Up until that injury in January, the last calendar year for Stewart had been nothing short of insane. In between the national championship game and her WNBA debut, she went to New York for the USA Olympic roster unveiling, graduated from UConn, and stopped by the White House. She did countless media appearances during the season, including a trip to the ESPY Awards, where she won Best Female Athlete. She left for China just days after the Storm’s season ended.
Stewart played for UConn, Seattle, the United States and Shanghai all in a span of six months. Basically, she hadn’t gotten a break from basketball since the summer of 2015.
So maybe the injury was, in fact, a blessing in disguise.

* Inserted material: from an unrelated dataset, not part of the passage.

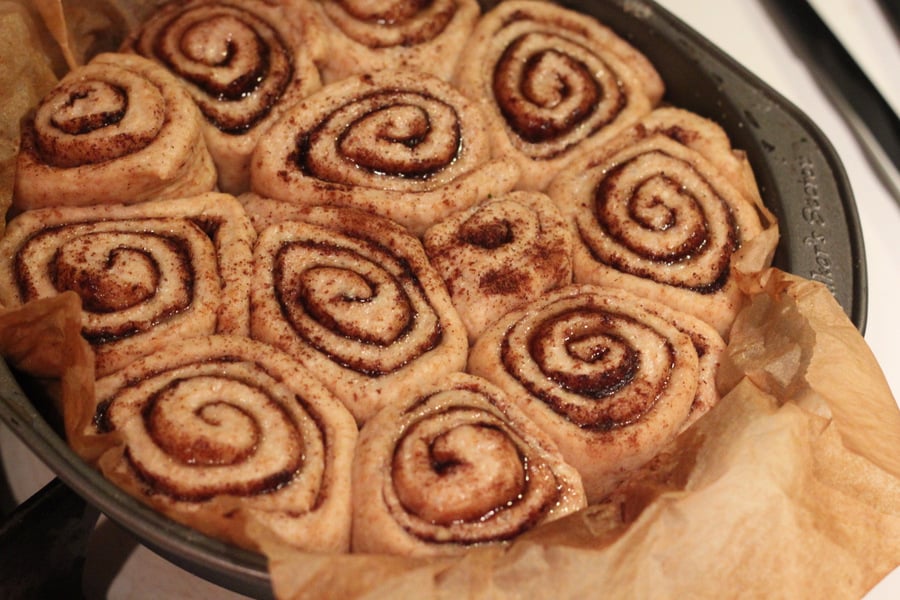 vegan cinnamon rolls  risen vegan cinnamon buns in a round cake pan ready to be baked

“Last year, it felt at times like my hair was on fire,” Stewart said. “I was going all over the place, doing all kinds of things. Year two is always going to be easier, because you’re more comfortable and that type of thing. But it’s definitely a little calmer this year.”

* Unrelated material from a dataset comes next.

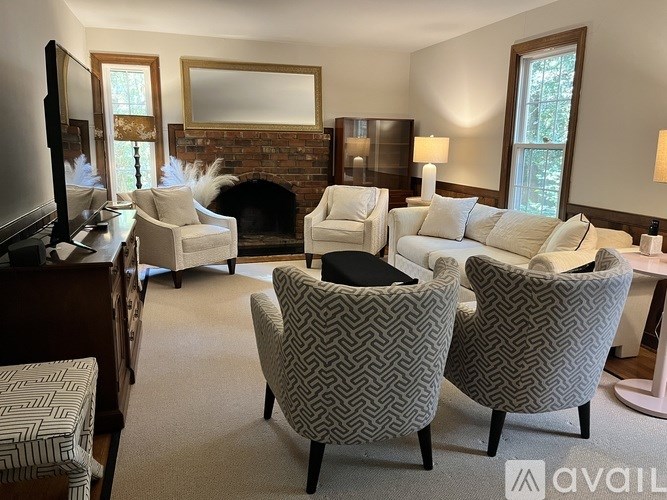 A living room with a fireplace and a couch.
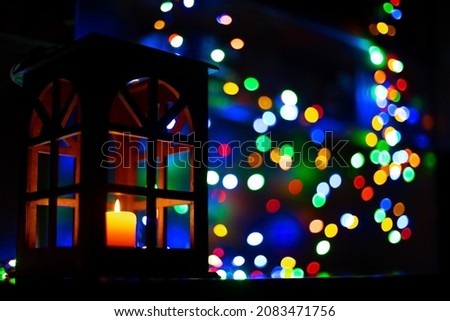 unfocused concept festive mood picture of holy Christmas time indoor decorative and festive atmosphere of yellow candle light glowing with garland fuzzy bokeh colorful effects on background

Stewart’s second season in the WNBA begins Saturday, when Seattle faces the defending champion Los Angeles Sparks (5 p.m. ET on ESPN). The league will get its first taste of a fully rested Stewart, which could be a scary proposition.
Even while putting up astronomical numbers for a rookie – 18.3 points, 9.3 rebounds, 3.4 assists, 1.9 blocks and 1.2 steals – Stewart had some rough patches. In one four-game stretch, she shot 28 percent overall and 0-for-16 from three-point range. Right after the Olympics, she shot a combined 6-for-23 and missed all four attempts from deep in her first two games.
“We did one of their games at Minnesota, and when I talked to her, she was clearly tired,” said Rebecca Lobo, ESPN’s WNBA analyst. “She was willing to say that she was feeling a little bit of that fatigue. Now she’ll be rested, and I think she’ll be able to maintain the highest level of her game throughout the course of the season.”
“With her rested, I expect to see even bigger and better things,” analyst LaChina Robinson said.
Still, there wasn’t much of a gap between Stewart and the league’s best last year. She ranked seventh in Player Efficiency Rating, finished sixth in MVP voting, was the runner-up for Defensive Player of the Year, and earned Second Team All-WNBA honors. Stewart was the only player to finish in the top three of both rebounds and blocks per game.
With Stewart, Jewell Loyd and Sue Bird leading the charge, Seattle built tons of momentum late in the 2016 season. The Storm finished 7-3 after the Olympic break to clinch a playoff berth. But they were knocked out by the Atlanta Dream in the first round, something that is still fresh in their minds heading into the new season.
“We haven’t forgotten what it was like to lose in Atlanta,” Stewart said. “Even though we had a great run to make it to the playoffs, we didn’t want to just be there. We wanted to do more than just get to the first game. I think it’s more fuel to the fire, more motivation for what we want to do this year.”